Fig. 7: Section of Multi-channel seismic profile SO 122-04A (from von Rad et al. 2000). Record covering First and Nascent Ridges (left). Interpretation of a larger part of the section (right).
Offshore, the Makran accretionary wedge consists of a number of ridges with long, narrow in parallel sequences, orientated from east to west. It can be divided into three sections: the upper slope, the mid-slope terrace and the lower slope. The upper slope is shallow, narrow and less steep than the lower slope (Pratson and Haxby, 1996), the accreted wedges continue in further north 400-500 km across the Iran and Pakistan. The deformation front of the Makran accretionary prism lies approximately 150 km south from the coast (Kukowski et al., 2000). Two major seasonal rivers (Shadi and Hingol) transport sediments onto the continental slope and turbidity currents form deep erosive canyons “Shadi and Save” (Underwood 1991, Gnibidenko and Sarichevskaya, 1983).
Fig. 8: Map taken from von Rad et al. (2000) showing main features of seepage recovered during SO 122/130 cruises.

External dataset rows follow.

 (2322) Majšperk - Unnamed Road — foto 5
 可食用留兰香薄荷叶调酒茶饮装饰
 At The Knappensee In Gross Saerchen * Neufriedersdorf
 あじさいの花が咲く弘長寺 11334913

The Northern Arabian Sea is the highest biological productive area in the world especially during the summer monsoon. High oxygen consumption due to organic matter degradation results in a stable and mid-water oxygen minimum zone (OMZ) between about 150-1100 m water depths in the Arabian Sea (Wyrtki, 1973). Productivity derived organic matter and terrestrial organic rich mud input lead to lamination of the ocean floor deposits. The sedimentation rate of the slope sediments is extremely high up to 0.2-1 mm/a (von Rad et al., 2000) because of rapid tectonic uplift, the narrow shelf, and the effective erosion of the hinterland because of the lack of extensive vegetation. The burial of organic matter in the sediments, particularly on continental margins also provides a unique palaeoenvironmental record as well as the main potential source for fossil fuels (Berner, 1989).

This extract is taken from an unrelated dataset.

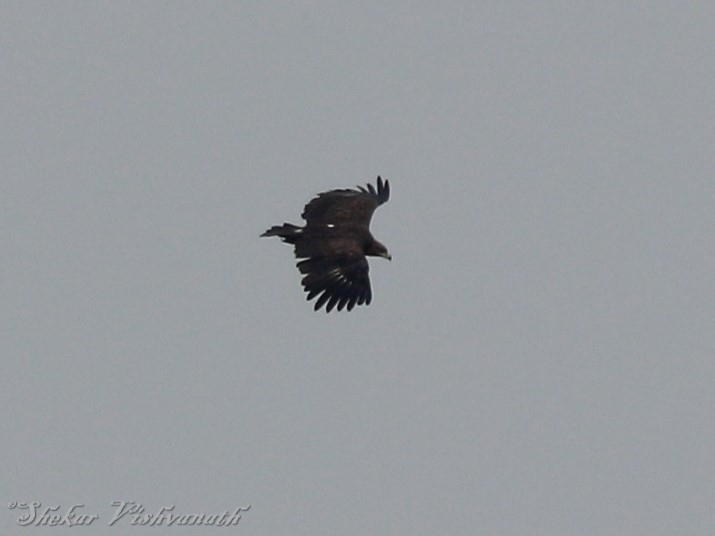 Greater Spotted Eagle - Shekar Vishvanath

During bathymetry surveys of several cruises with the German research vessel SONNE in 1997 and 1998 (SO-122, SO-123, SO-124 and SO-130), gas seepage from shallow ridges near the OMZ were documented (von Rad et al., 2000). Associated to those seep sites a number of white microbial mats composed of large sulphur oxidizing bacteria (such as Beggiatoa and Thioploca) were found. Furthermore in a deeply incised submarine canyon at 2100-2500 m water depth seeps of methane and H2S-rich fluids were found (von Rad et al. 2000). The fluid flux was explained by the tectonic stress within the zone of convergence. The occurrence of gas hydrates was shown by the presence of a well pronounced bottom-simulating seismic reflector (BSR) documented in most of the seismic profiles (Figs. 7 and 9). Driven by the dynamic of the accretionary wedge the landward part of the gas hydrate-bearing sediments are being progressively uplifted which should lead to progressively decomposition of gas hydrates since they move out of their stability field. At least enhanced seepage at sea floor above 800 m water depth was explained by this process (Fig. 9).
Fig. 9: Schematic cross section of the Makran accretionary margin summarizing seep related features in relation to the tectonic situation and the location of the oxygen minimum zone (from von Rad et al.